One of the popular training types is called balanced.  This means that the trainer is using positive and negative training methods adding and taking away rewards and punishments. So for pulling on the lead the trainer may do a leash pop and follow it up with "good dog" when the dog is beside them.

What about me?  Well I use a holistic approach.  What is this? I look at the dog as a whole and try to find out why it is behaving in the way it is. I will look at what the dog is eating and how this may impact on behaviour, how the dog is feeling at the time it is doing the behaviour, the dog's reasons for doing the behaviour and what the dog is like on a day to day basis in it's general mood. I also use a method known as LIMA which means Least Intrusive, Minimally Aversive.  What one dog finds aversive another dog may find rewarding, and vise versa, which is why I believe that a holistic view is the one that is needed when dealing with any other being, whether your pet dog or another person.  It's putting yourself in that situation and finding out how to make it better, for the dog and for the people around the dog.

Back to pulling on the lead, why does a dog do it?  Basic science is pressure causes counter pressure so if the dog starts to forge ahead the handler will try to pull it back, the dog then will lean into the collar (almost all pullers are in collars) and pull harder, this results in a loop where the handler pulls back more and the dog tries to pull ahead more.  We've all seen the dog walking down the street, handler's arm at full length and the dog's tongue almost on the floor, "who's walking whom" is often the quip. Why else is the dog pulling?  It could well be that the dog is having it's only form of mental and physical exercise of the day and is desperate to get to the park having just spent the last 23 hours in the house, with a huge chunk of them alone.  Maybe the dog pulls so much that walkies becomes a huge event because it doesn't happen that often.
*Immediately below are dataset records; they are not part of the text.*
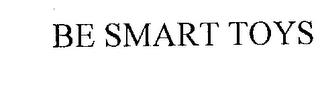 BE SMART TOYS trademark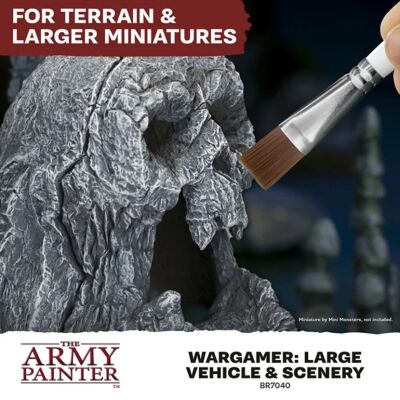 Wargamer: Large Vehicle &amp; Scenery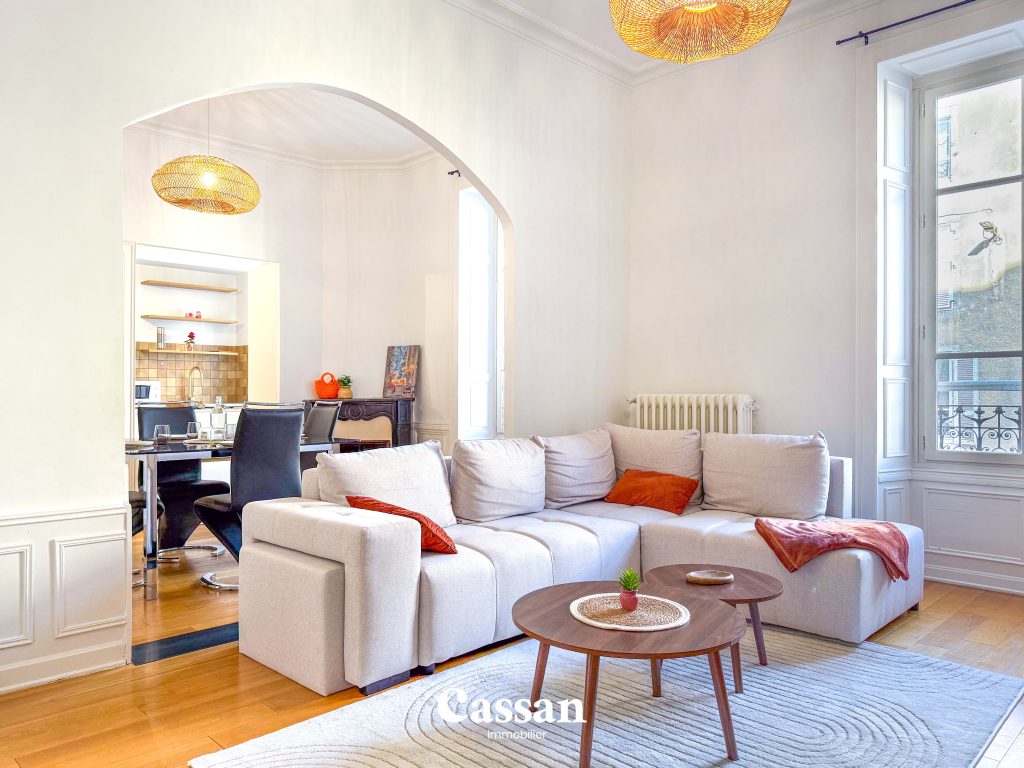 Maison à vendre - Aurillac - Cassan immobilier Agence Immobilière Aurillac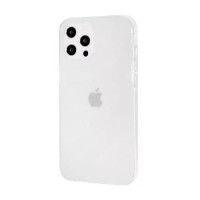 Силіконова накладка WAVE Crystal Case для iPhone 12 Pro Max Transparent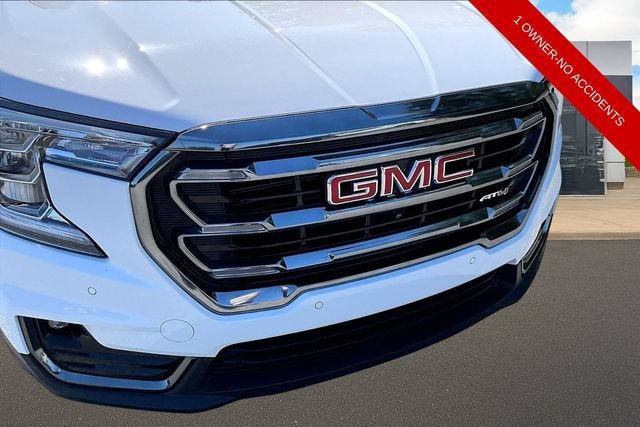 Certified 2024 GMC Terrain AT4 w/ Tech Package AWD/4WD image 28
Maybe the dog just hasn't ever had basic training on lead walking, after all who wants to spend the time training walking?  Isn't walking the dog training it?  Well it's certainly giving the dog the practice at pulling.  Walking the dog isn't training it if the dog is pulling, unless you want a dog that pulls.

So my holistic approach, why is the dog pulling and what can be done to make walking the dog enjoyable for both dog and handler?  Go back to the very basics, put a well fitting harness on the dog, harnesses do not cause the damage to the dog's throat and spine that a collar dogs, plus the dog is getting a different sensation,  I prefer harnesses with front rings as well as the one on the back, used with a 2 point lead this can make all the difference.  Then reward the dog for being beside you.  I'm happy if I can touch the dog, ie the dog is in a radius that could be reached by my hand and if my lead is loose.  This may mean one step at a time and the dog's 30 minute walk doesn't get as far as the garden gate for a few days, you can always pop the dog in the car and drive to a safe place for exercise. I also use a technique known as bottle feeding where the treat is in the hand closest to the dog.  How do my methods help, and why doesn't the dog get frustrated at not walking or get fat? The dog is learning and at the same time earning a treat reward, yes I use food for this the yummier the better,  but the dog won't get fat because the rewards become random as the dog gets better on lead, so the dog will stay on a loose lead as it has learnt that this will bring a reward but it doesn't know when.  Remember that a reward is something the dog likes, which can be switched from food to a ball, or a tug toy or to get off lead at the park.